Un banchetto di larve di mosca: la sorprendente dieta dei Neanderthal
Una nuova ricerca svela che la dieta poteva includere anche carne putrefatta: risorse non convenzionali ricche di nutrienti

Al centro di una nuova ipotesi scientifica sembrerebbe che i Neanderthal potrebbero aver consumato carne putrefatta e larve di mosca come parte regolare della loro dieta. Questa ipotesi nasce dall’analisi dei livelli di azoto-15 nei loro resti ossei, sorprendentemente alti, persino superiori a quelli di predatori come i lupi e le iene.
Le larve analizzate (provenienti da carcasse in decomposizione) hanno mostrato valori di azoto molto più alti rispetto alla carne stessa. Lo studio, pubblicato su "Science Advances", spiega che questi valori potrebbero essere ricondotti al consumo di carne contaminata da larve.
Non ci sono prove chiare che i Neanderthal mangiassero regolarmente carne putrefatta e larve, ma l’ipotesi basata sui dati isotopici sembra essere piuttosto solida. Secondo le analisi, la carne in decomposizione, ricca di larve, offriva grassi e nutrienti essenziali, rendendola così un alimento più completo dal punto di vista nutrizionale.
L’ipotesi si basa su dati raccolti al Forensic Anthropology Center dell’Università del Tennessee, dove sono state analizzate le larve cresciute su tessuti umani in decomposizione. I risultati mostrano arricchimenti di azoto eccezionalmente alti, in alcuni casi oltre due livelli trofici rispetto agli erbivori.
Le pratiche di conservazione della carne da parte dei cacciatori preistorici – come l’immagazzinamento in fosse – avrebbero favorito la decomposizione e l’infestazione di vermi. Diverse testimonianze etnografiche riportano che popolazioni artiche e boreali consideravano le carni fermentate e le larve come una risorsa nutriente e addirittura una prelibatezza, pratica che potrebbe risalire a tempi molto più antichi.
Secondo gli autori, l’inclusione regolare di larve di mosca ricche di proteine e grassi nella dieta dei Neanderthal e degli umani del Paleolitico superiore potrebbe spiegare i valori anomali di azoto senza dover ipotizzare un consumo quasi esclusivo di carne di grandi erbivori.

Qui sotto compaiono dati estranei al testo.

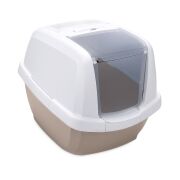 Imac Maddy Kapalı Kedi Tuvaleti Bej Beyaz 65 x 47,5 x 47,5 cm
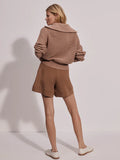 Varley Eloise Full Zip Knit in Warm Taupe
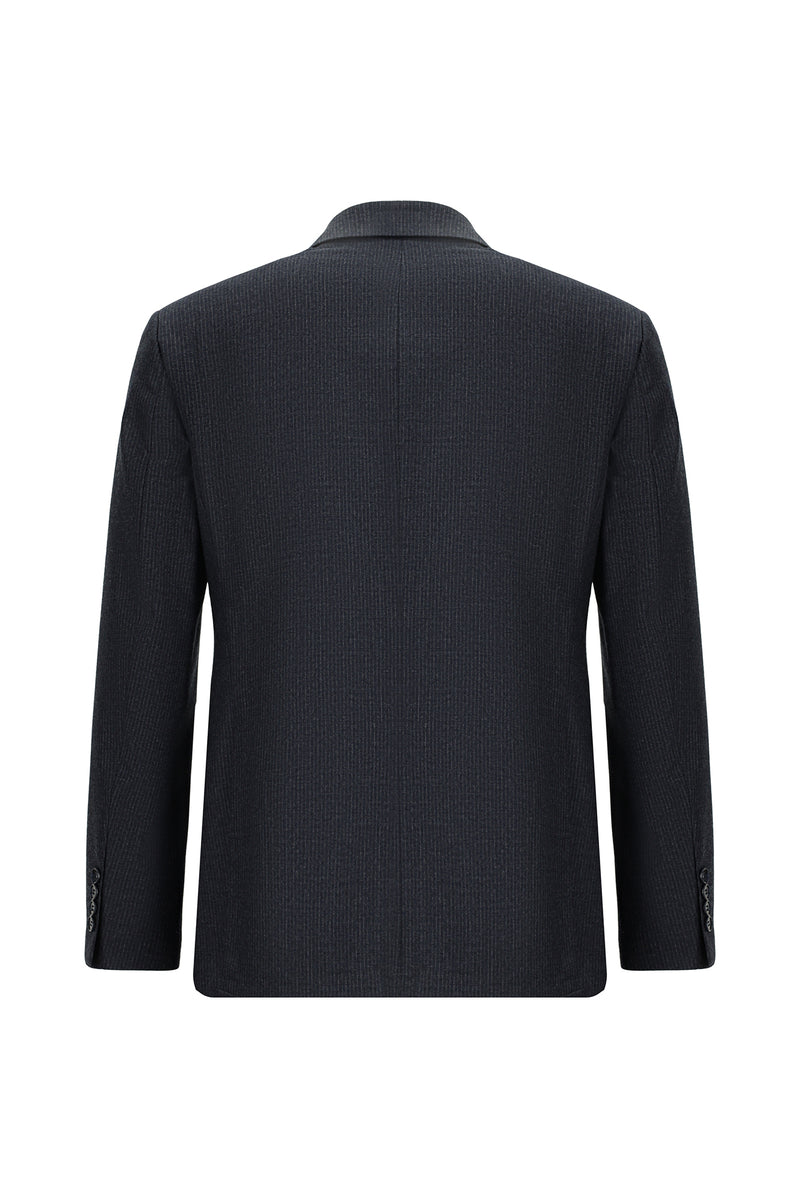 Koyu Lacivert Slim Fit Dar Kesim Çizgili Yün Kruvaze Takım Elbise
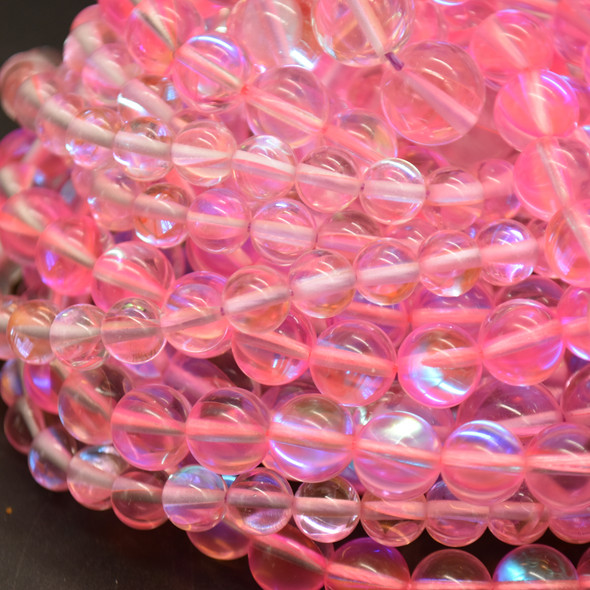 High Quality Pink Mystic Aura Quartz Round Beads - 4mm, 6mm, 8mm, 10mm sizes - 15" long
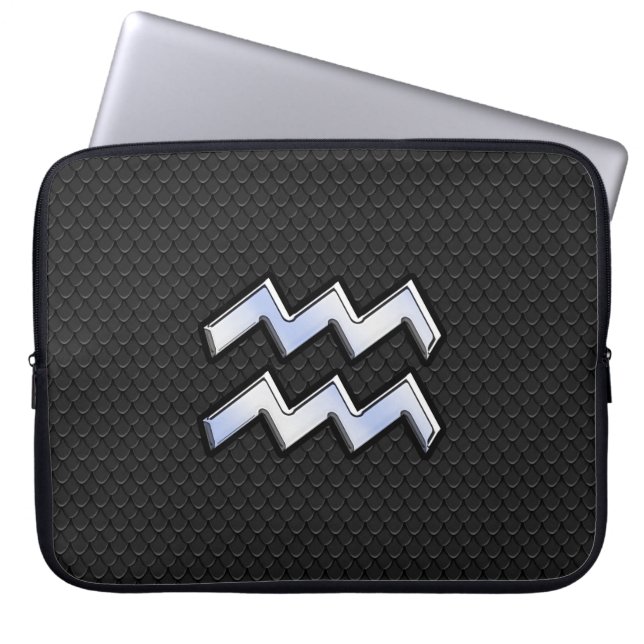 Modernes Silver Aquarius Zodiac-Zeichen auf Schlan Laptopschutzhülle (Vorderseite)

Questa prospettiva apre un nuovo capitolo nella ricostruzione delle strategie alimentari preistoriche, suggerendo che l’utilizzo di risorse non convenzionali come insetti possa essere stato più diffuso di quanto si pensasse.
Per decenni, gli scienziati hanno interpretato i valori insolitamente alti di azoto trovati nelle ossa dei Neanderthal come la prova di una dieta ipercarnivora, basata quasi esclusivamente sulla carne di grandi mammiferi come mammut e bisonti. Ma questo nuovo studio apre un capitolo inatteso. Alle latitudini medie e settentrionali, infatti, spiegano gli autori della ricerca, la caccia era imprevedibile e spesso insufficiente a coprire il fabbisogno nutrizionale quotidiano. Per sopravvivere, veniva immagazzinata la carne e consumata settimane o mesi dopo, spesso in uno stato avanzato di decomposizione. In queste condizioni, la presenza di larve sarebbe stata inevitabile, e il loro consumo una risorsa alimentare aggiuntiva.
Il nuovo modello proposto suggerisce quindi un quadro alimentare molto più complesso rispetto all’immagine tradizionale dei Neanderthal come “super-predatori”.